Extract general-purpose RNA embeddings from sequence using a pretrained foundation model.

  • Paper: Nature Machine Intelligence 2024
  • Upstream: https://github.com/ml4bio/RNA-FM
  • License: MIT
  • Device: CPU or GPU. Two image variants:
    • rnazoo-rnafm:latest — CUDA-enabled (default, used with -profile gpu)
    • rnazoo-rnafm-cpu:latest — CPU-only (smaller, used with -profile cpu)

What it does

RNA-FM is a BERT-style foundation model pretrained on 23 million non-coding RNA sequences. It produces 640-dimensional embeddings for each nucleotide position, which can be used as features for downstream tasks (structure prediction, function annotation, etc.). Per-sequence embeddings are computed by mean-pooling over positions.

Input format

FASTA file of RNA sequences using RNA alphabet (A, C, G, U). DNA sequences (with T) are automatically converted to U.

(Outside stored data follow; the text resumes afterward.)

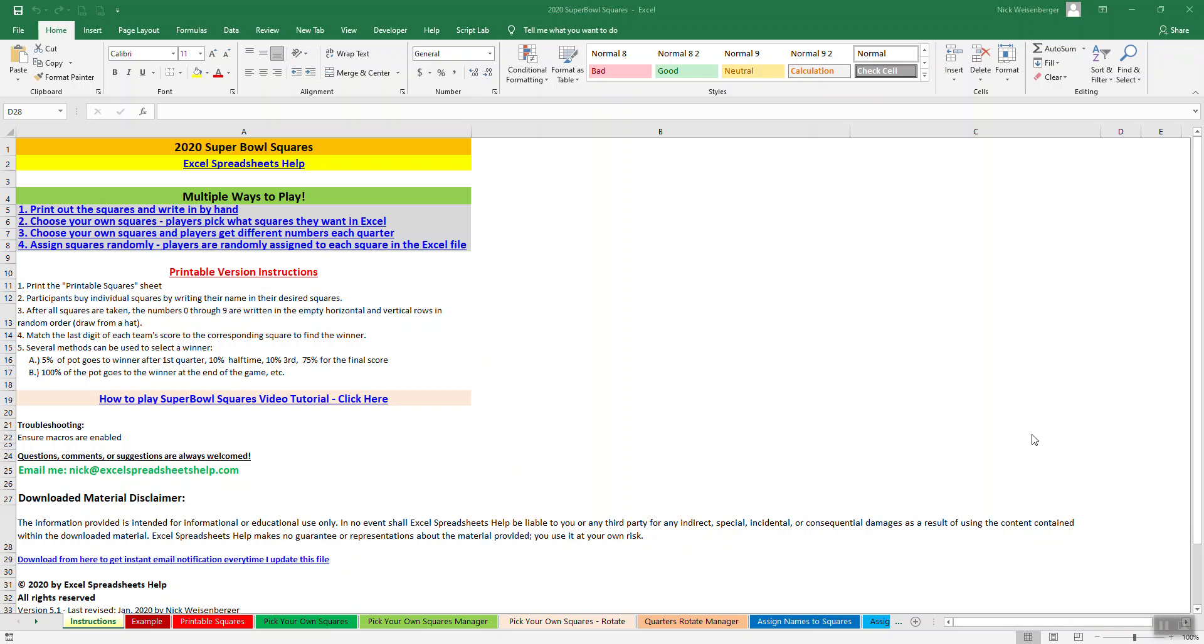Hey, it's Nick, and it's time to take a look at my new and improved Super Bowl Squared spreadsheet.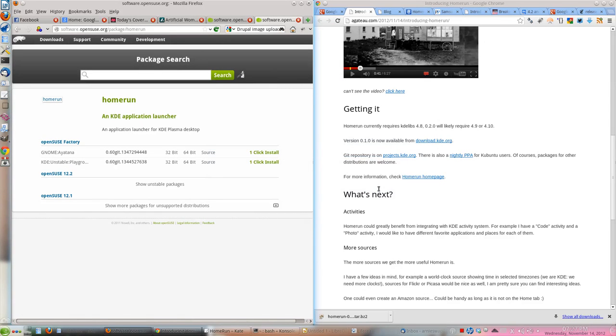Hey, this is Swapnil Bhartia from Moogtwe.com and today we are going to talk about something exciting in KDE.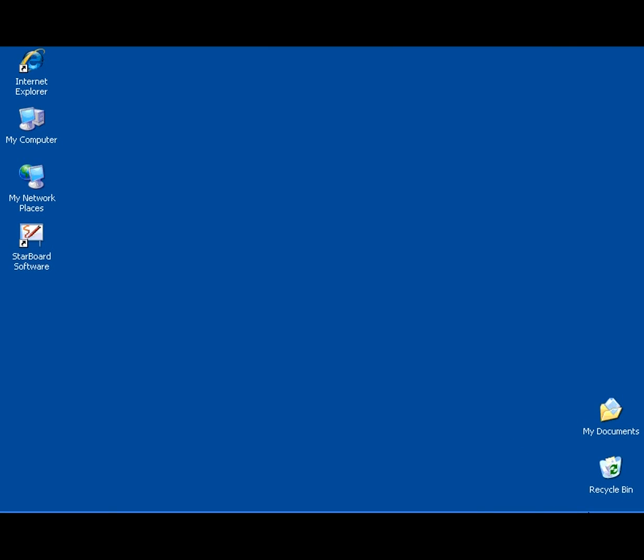Use Starboard software to make notes during meetings and classroom discussions. You can save your notes and reuse them later.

Maximum sequence length: 1022 nt. RNA-FM has 1024 usable positional slots; BOS/EOS consume 2. Longer sequences are truncated with a warning.

Example (tests/data/rnafm_test.fa):

>test_rna_1
GGGUGCGAUCAUACCAGCACUAAUGCCCUCCUGGGAAGUCCUCGUGUUGCACCUGACUGUCUUUCCGAACGGGCGUUUCUUUUCCUCCGCGCUACCUGCCAGG
>test_rna_2
AUUCCGAGAGCUAACGGAGAACUCUGUUCGAUUUAAGCUGUAAGAUGGCAGUAGCUUACUAGGCAGGAAAAGACCCUGUUGAGCUUGACUCUAGUU

Output format

A directory containing:

  • sequence_embeddings.npy: NumPy array of shape (N, 640) — one 640-d embedding per input sequence (mean-pooled over positions)
  • labels.txt: one FASTA header per line, in the same order as the embedding rows

With --per-token: - <label>_tokens.npy: per-sequence NumPy array of shape (L, 640) — one 640-d embedding per nucleotide position

Run with Docker

See the Direct Docker guide for the shared docker run recipe (UID, HOME, USER env vars, and GPU flag). Below are the model-specific parts.

# CPU
docker run --rm \
  -v /path/to/input.fa:/data/input.fa \
  -v /path/to/output:/out \
  ghcr.io/ericmalekos/rnazoo-rnafm-cpu:latest \
  rnafm_predict.py -i /data/input.fa -o /out

# GPU
docker run --rm --runtime=nvidia -e NVIDIA_VISIBLE_DEVICES=all \
  -v /path/to/input.fa:/data/input.fa \
  -v /path/to/output:/out \
  ghcr.io/ericmalekos/rnazoo-rnafm:latest \
  rnafm_predict.py -i /data/input.fa -o /out

Add --per-token to either invocation for per-token embeddings.

Run with Nextflow

# CPU
nextflow run main.nf -profile docker,cpu --rnafm_input /path/to/input.fa

# GPU
nextflow run main.nf -profile docker,gpu --rnafm_input /path/to/input.fa

Only models with input provided will run — no ignore flags needed.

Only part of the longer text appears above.